News

Latest News & Updates from Stephen

A Win for the EB-5 Industry!

US District Court Says, No, Existing Regional Centers Don’t Have to Reauthorize.

In the recent case of Behring v. Mayorkas, the US District Court for the Northern District of California gave a boost to the Regional Center part of the EB-5 industry by granting a preliminary injunction to the Behring Regional Center, LLC, which applies to all 600+ pre-existing Regional Centers. The Court ruled that USCIS was certainly wrong when it interpreted the new Eb-5 Reform and Integrity Act to mean that Regional Centers had to re-qualify in order to process new investments under the new Act.

For the layman, a preliminary injunction while preliminary, is often permanent, because it isn’t granted unless the Court thinks the likelihood of the requester - in this case, Behring - of obtaining a permanent injunction is high. Indeed, Court called USCIS’s interpretation of the new Act “most certainly erroneous.” In such cases, litigants usually give up and accept the injunction.
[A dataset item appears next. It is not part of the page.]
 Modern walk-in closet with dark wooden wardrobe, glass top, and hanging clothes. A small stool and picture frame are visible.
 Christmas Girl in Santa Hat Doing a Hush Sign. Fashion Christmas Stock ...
Business as before, but subject to the new investment limits and visa set-asides.

What this means is that previously authorized Regional Centers are free to collect investments again. USCIS will be permitted to demand new reporting as required by the new Act, but in a less drastic way the comports with the new legislation and won’t categorically and immediately disenfranchise 600+ Regional Centers.